Ford's discussion focused particularly on the face of Christ, as signified
by the notion of pleroma in Paul's theology. The fullness of Christ's
face does not lack in its manifestation of divine presence in Ephesians.
Rather, on Ford's view, the fullness of divine presence is apparent in its
openness to further manifestation. Its fullness is an overabundance
of glory which permits the face to be itself in ways that go beyond
specification and to remain open to surprise. Ford argued that God's
fullness in Christ retains a vagueness insofar as its particular, distinctive
manifestation to the Christian community remains open to further interpretation
in other communities. Such surprise involves both continued interpretation
within the Christian community, and openness to Jewish and Muslim revelation as
well.
Here, Ford mined pragmatic thought in order to repair Christian
interpretation of scripture, specifically with regard to supercessionist
tendencies toward Judaism and exclusionary attitudes toward Muslim thought. To
commence the discussion, he enacted a pragmatic reading of pleroma,
especially with respect to the gathering of all things (Ep. 1.22).

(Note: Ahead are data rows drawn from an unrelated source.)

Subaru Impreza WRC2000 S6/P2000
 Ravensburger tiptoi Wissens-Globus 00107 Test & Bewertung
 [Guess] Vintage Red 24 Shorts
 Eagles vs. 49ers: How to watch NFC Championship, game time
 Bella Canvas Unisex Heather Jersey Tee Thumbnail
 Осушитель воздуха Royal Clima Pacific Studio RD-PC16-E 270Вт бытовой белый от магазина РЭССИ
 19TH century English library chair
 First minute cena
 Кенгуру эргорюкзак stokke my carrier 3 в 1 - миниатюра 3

Ford demonstrated the value of this hermeneutical approach by interpreting the
phrase all things under Christ's feet, a phrase which can be
interpreted in a supercessionist way. He challenged such supercessionism by
arguing that both the gathering and the under should be
understood in light of the Pauline emphasis on Christ's servitude and his
kenotic lordship. In this light, the fullness and gathering which Christ brings
about retain an openness and attention to the particularity of those who are
gathered and who share in the fullness. This self-effacing aspect
of divine lordship allows for dramatic interaction with the particulars of
creation, gathering peoples and groups in ways respectful of them as
people, and open to the unpredictable, contingent elements of history and
drama.
In his presentation, Ford attempted to address the concerns of several other
Christian authors, who were particularly concerned that an account of
vagueness would diminish the christocentric focus of Paul's
interpretation of scripture; if all things are only vaguely united or unified
in and through Christ's incarnation, crucifixion, and resurrection, then it
would seem that this event, which guides Paul's hermeneutical practice, would
itself be subject to another event for its complete determination. To summarize
Ford's response, he made vagueness an effect of the fullness of God's
revelation. Revelation's overabundance or hypersaturation means
that God's freely given revelation itself unfolds into further events and
encounters. Ford's approach, then, does not submit God's pleroma to an
external criterion of reason that would predetermine or regulate Christian
faith. While I personally found Ford's response helpful (see Robert Cathey's response for a view with which I
agree), other participants may still have seen it as subjecting Christian
interpretation to a philosophical, external critique, and this point was left
unresolved by the meeting.
As Elliot Wolfson was unable to attend the meeting, Jacob Meskin presented
his paper on Johann Kemper. Negotiating the subtleties of Wolfson's rich text,
Meskin focused on two topics: first, Kemper's inversion of the nomian emphasis
of rabbinic Judaism through kabbalistic hypernomianism; and second, the
messianic nature of Kemper's Christian kabbalah. As Meskin pointed out,
Kemper's Christian kabbalah raises questions about creation's participation in
the divine life, by appropriating the kabbalistic essences of God to Christ. In
the kabbalah, according to Meskin, the Jewish people conform to God's essences
through the practice of the law. The enactment and fulfillment of the law
thereby provided a way for Israel to share in God's life, as obedience to the
law becomes a way of embodying these essences. Thus, while Jewish kabbalah
emphasizes the mystical, esoteric wisdom as the true understanding of God's
relation to the world, it also affirms exoteric, communal practice as an
integral part of creation's sharing in the life of God.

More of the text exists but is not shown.